[PROBLEM]
With the pictures omitted, output word for word the lines from the one containing "پرسپولیس 0 - 3 پیکان" through the end of the records.

[Web page caption snippets]
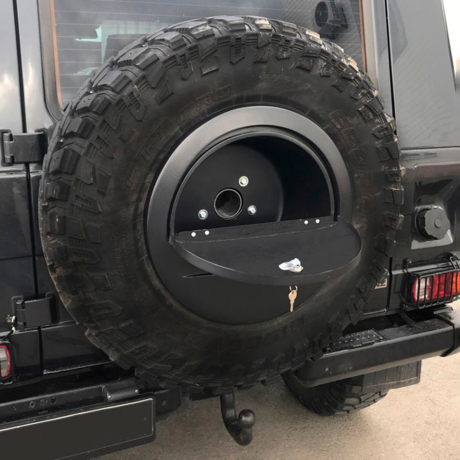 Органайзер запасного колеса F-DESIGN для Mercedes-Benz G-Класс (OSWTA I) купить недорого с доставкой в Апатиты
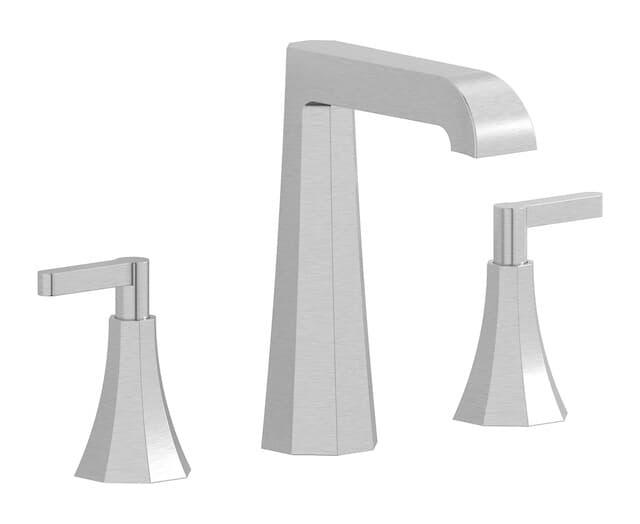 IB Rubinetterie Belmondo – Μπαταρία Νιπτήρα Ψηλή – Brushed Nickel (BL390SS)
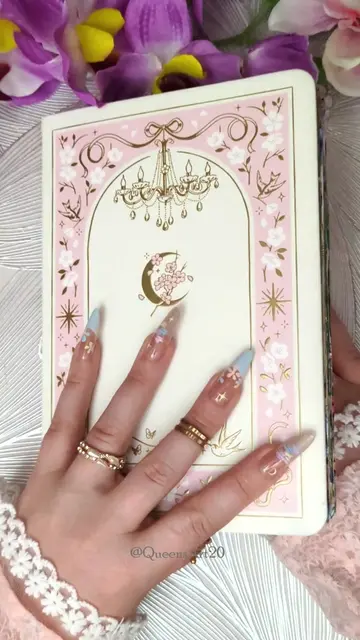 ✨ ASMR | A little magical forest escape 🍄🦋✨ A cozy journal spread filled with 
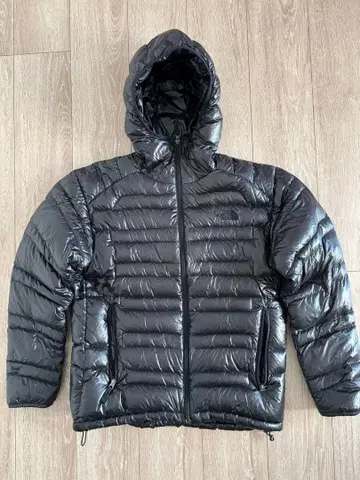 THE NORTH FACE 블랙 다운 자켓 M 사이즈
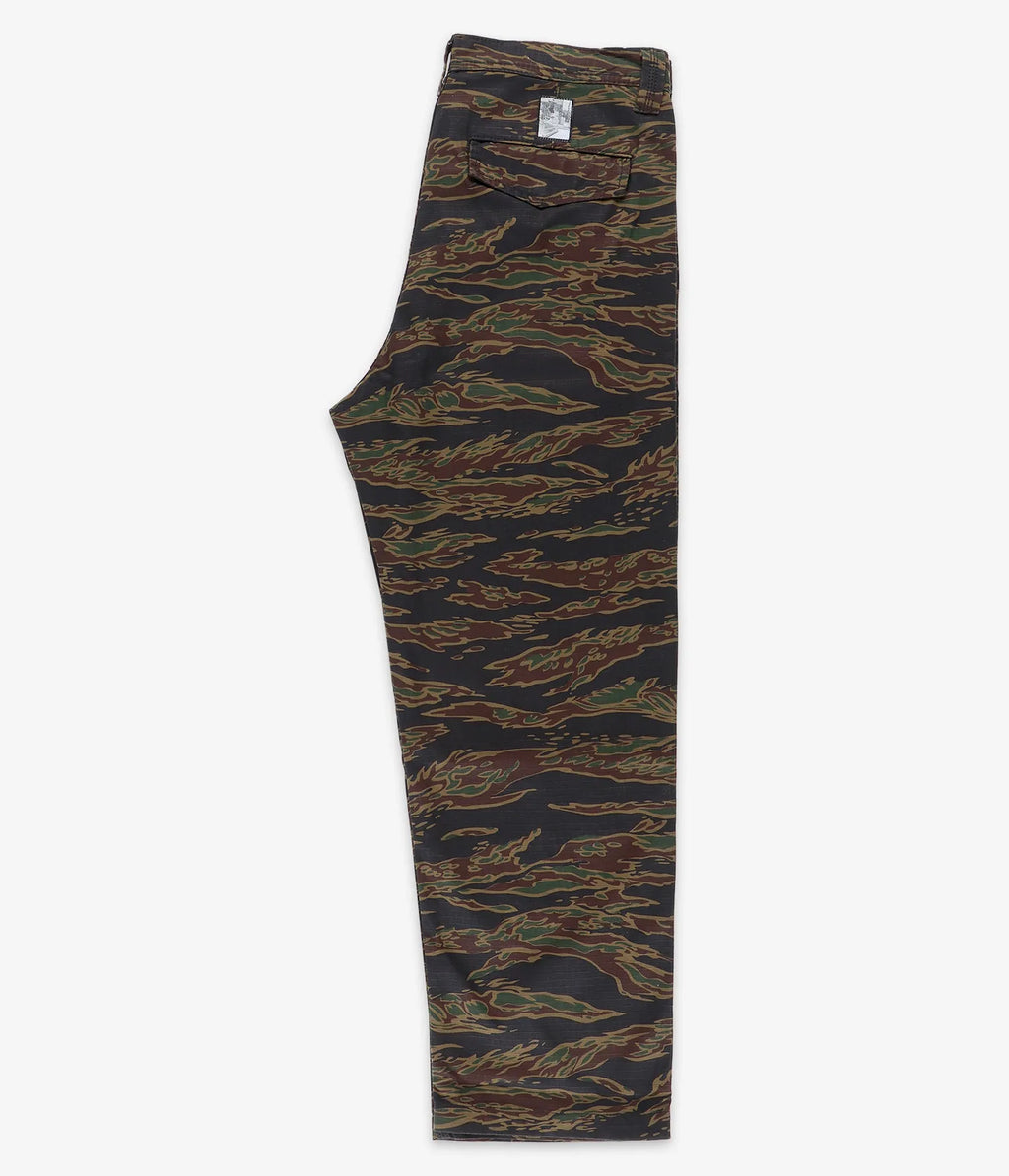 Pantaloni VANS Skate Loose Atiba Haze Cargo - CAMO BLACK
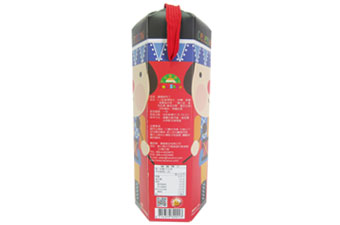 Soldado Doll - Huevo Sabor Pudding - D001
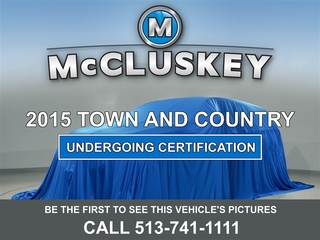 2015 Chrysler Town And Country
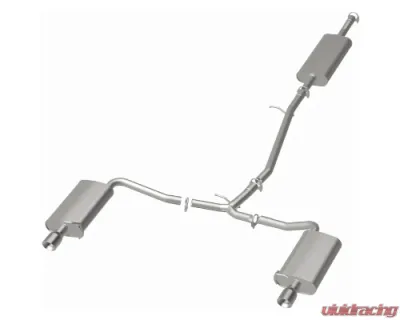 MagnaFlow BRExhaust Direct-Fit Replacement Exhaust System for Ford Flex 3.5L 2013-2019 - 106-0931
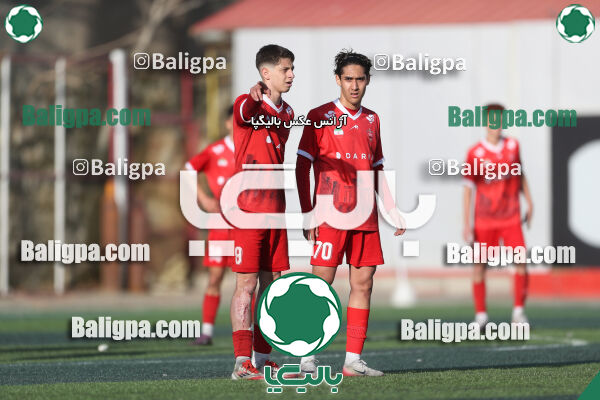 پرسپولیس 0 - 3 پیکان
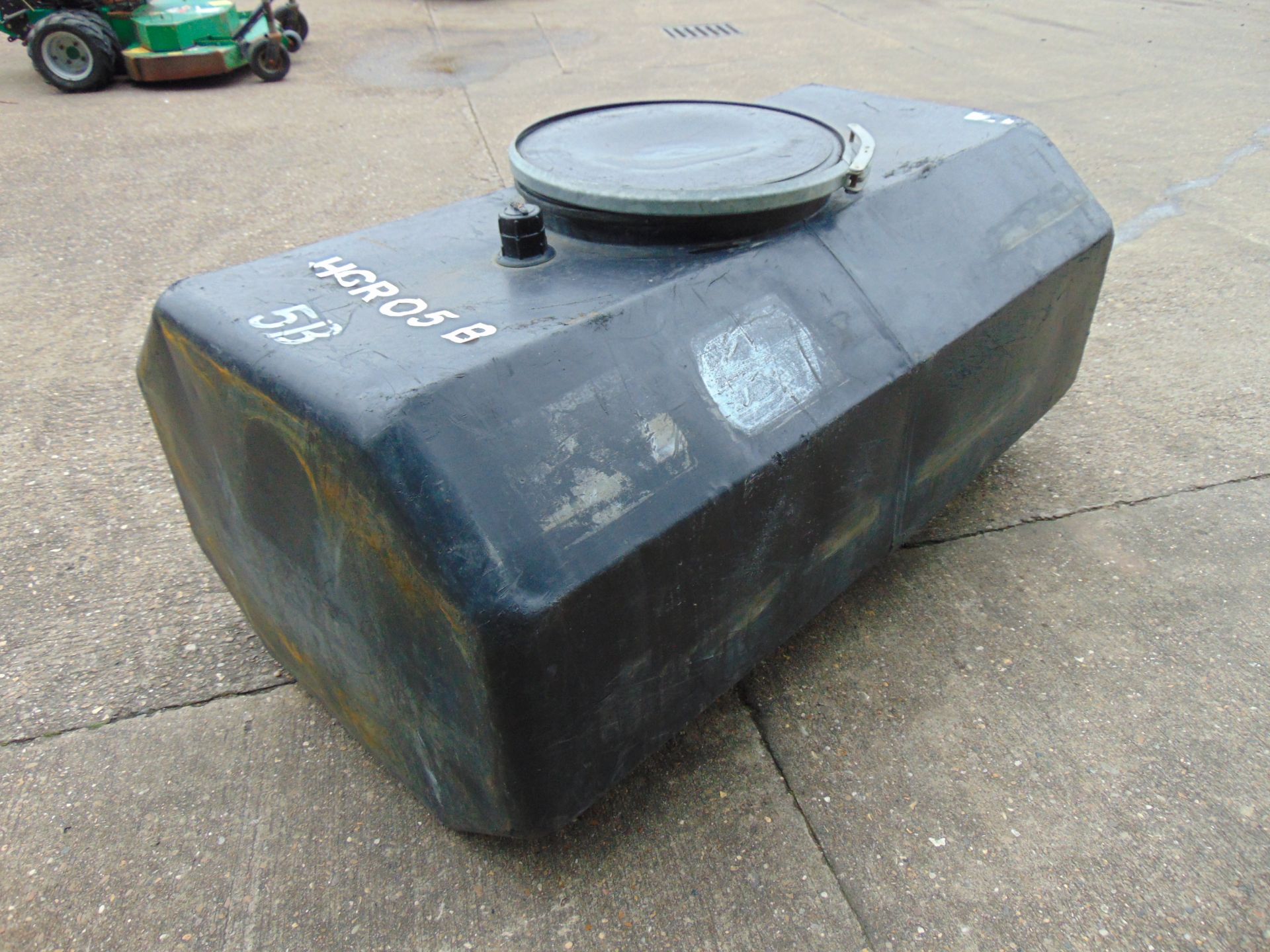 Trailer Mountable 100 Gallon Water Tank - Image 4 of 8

[TASK OUTPUT]
 پرسپولیس 0 - 3 پیکان
 Trailer Mountable 100 Gallon Water Tank - Image 4 of 8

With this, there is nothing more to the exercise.